Melissa is the new famous women in history because she took her passion for women who made a difference, her art of writing and performing and her need to educate and made it her life’s work. She, as all women, have come far since the 20th century when most nations first won the right for women to vote. Most importantly women fought for the reevaluation of their traditionally viewed role in society. It wasn’t until as recent as 1963 that the Equal Pay Act required equal wages for men and women doing equal work.

I remember when I first met Melissa. I worked with my company to hire her to perform for our celebration of Women’s History month. She stood in a bland, gray blue room in her black leotard in front of a sedate group of office workers and blasted us with her energy and passion. She made us weep and laugh. She did the same for thousands of children and adults throughout the United States. This was the first time I truly felt hope as an artist. Melissa showed me more than just my need to know my own history. She inspired me, by living the fact that I had the right to choose my own creative path.

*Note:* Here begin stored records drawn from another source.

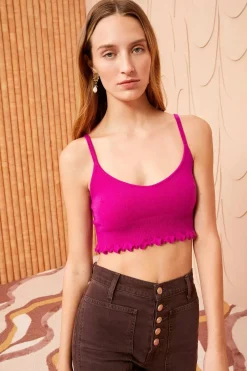 Ulla Johnson Elia Bh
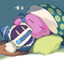 kirby zzz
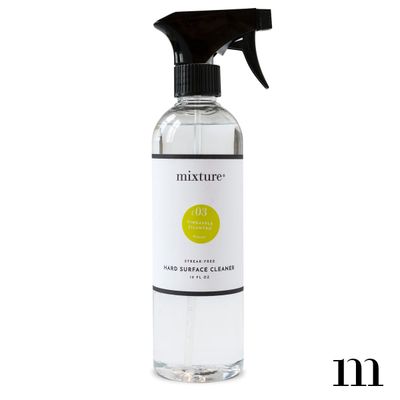 Hard Surface Cleaner No 14 Black Pepper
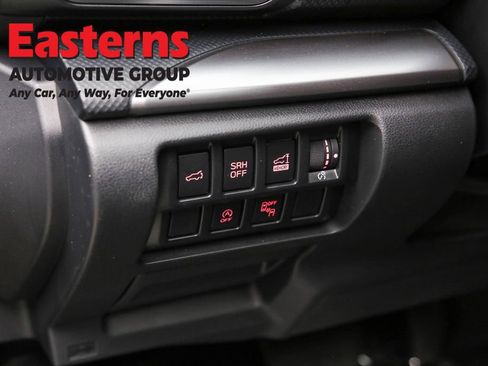Used 2023 Subaru Forester Premium AWD/4WD image 24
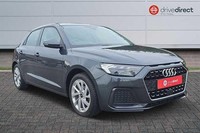 2021 Audi A1 1.0 TFSI 25 Sport Sportback 5dr Petrol Manual Euro 6 (s/s) (95 ps) 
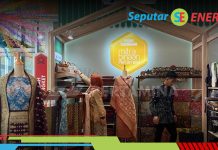 UMKM Pertamina Siap Naik Kelas Masuki Pasar Global di Ajang Kriyanusa 2023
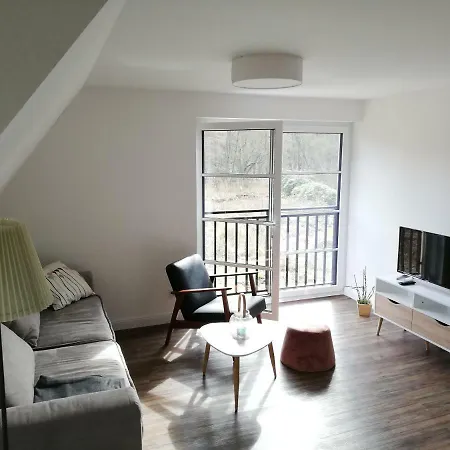 Darsser Strandgut - Haus Ahrenshooper Holz *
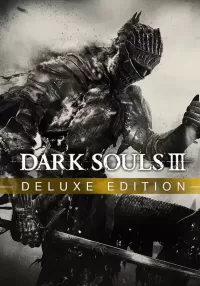 DARK SOULS™ III: Deluxe Edition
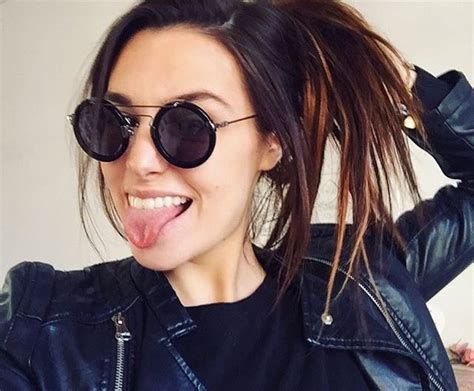 Marzia Kjellberg Nude Porn Pictures XXX Photos Sex Images 4070755 PICTOA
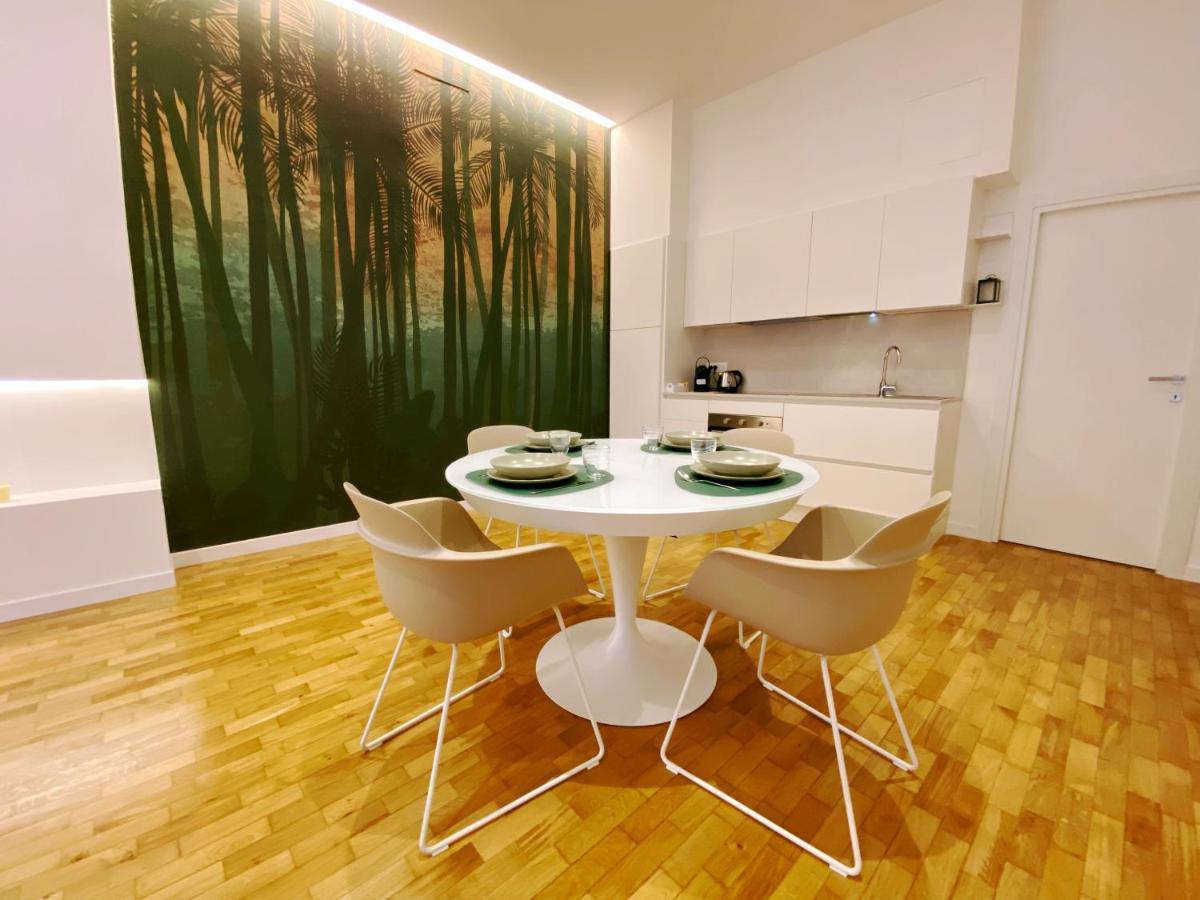 Stay Home Experience Perugia Exterior photo
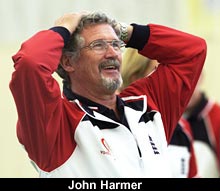 John Harmer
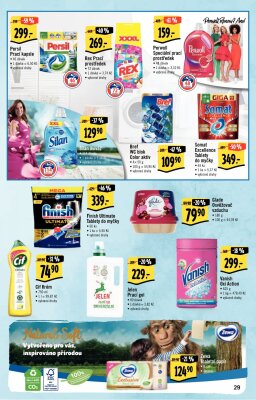 akční leták Albert 10.8.2022-16.8.2022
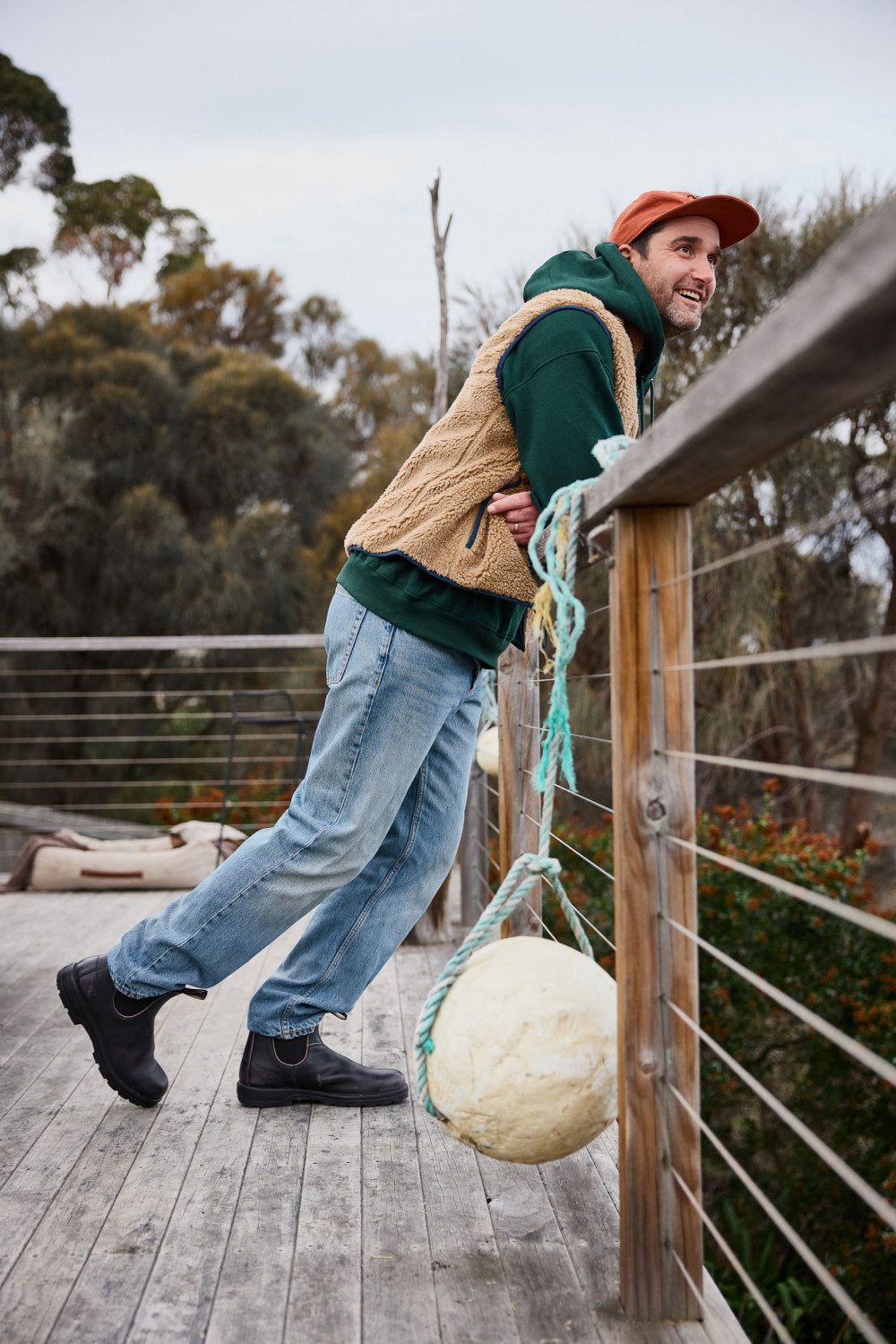 Men's Classics #2550 - Image 5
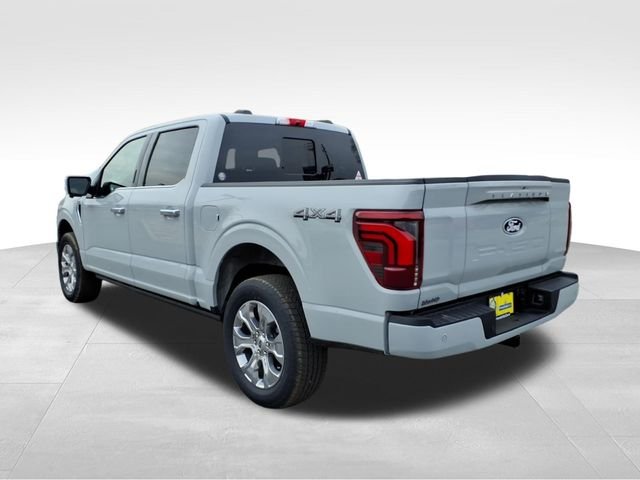 New 2026 Avalanche Ford Platinum image 6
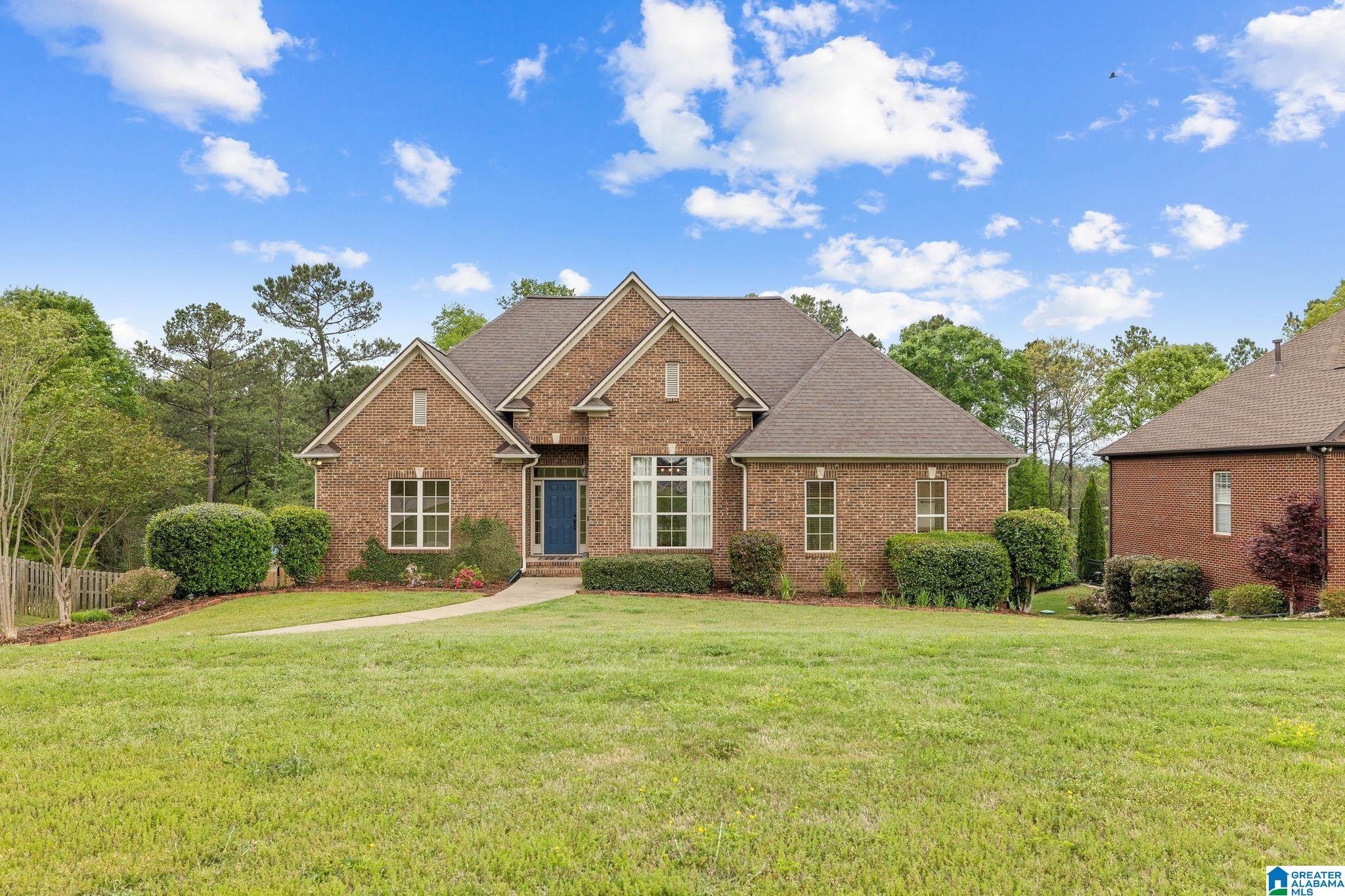 2047 Chelsea Rdg Drive Columbiana, AL 35051 - Photo 1 of 31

I’m standing there on the beach of a mountain lake when a smiling women walks up to me with her arms outstretched. She introduces herself as a childhood friend of Melissa’s and wants to make people feel welcome. It was the first time I could share my grief with someone that also knew and loved Melissa.

Tim walks toward the center of the crowd and rings Tibetan style bells. The crowd stretches out wide in a circle while Tim’s Sister, Prairie Flower and Brother-in-law, Cactus Bob strum their banjo and fiddle and sing. About 250 of us grow quiet and I turn to Melissa’s childhood friend and we grab on to each other. My throat grows tight, and tears run freely as 250 of us, with red, sponge noses honor the memory of my hero, Melissa-Borders Stevenson, a famous woman in history.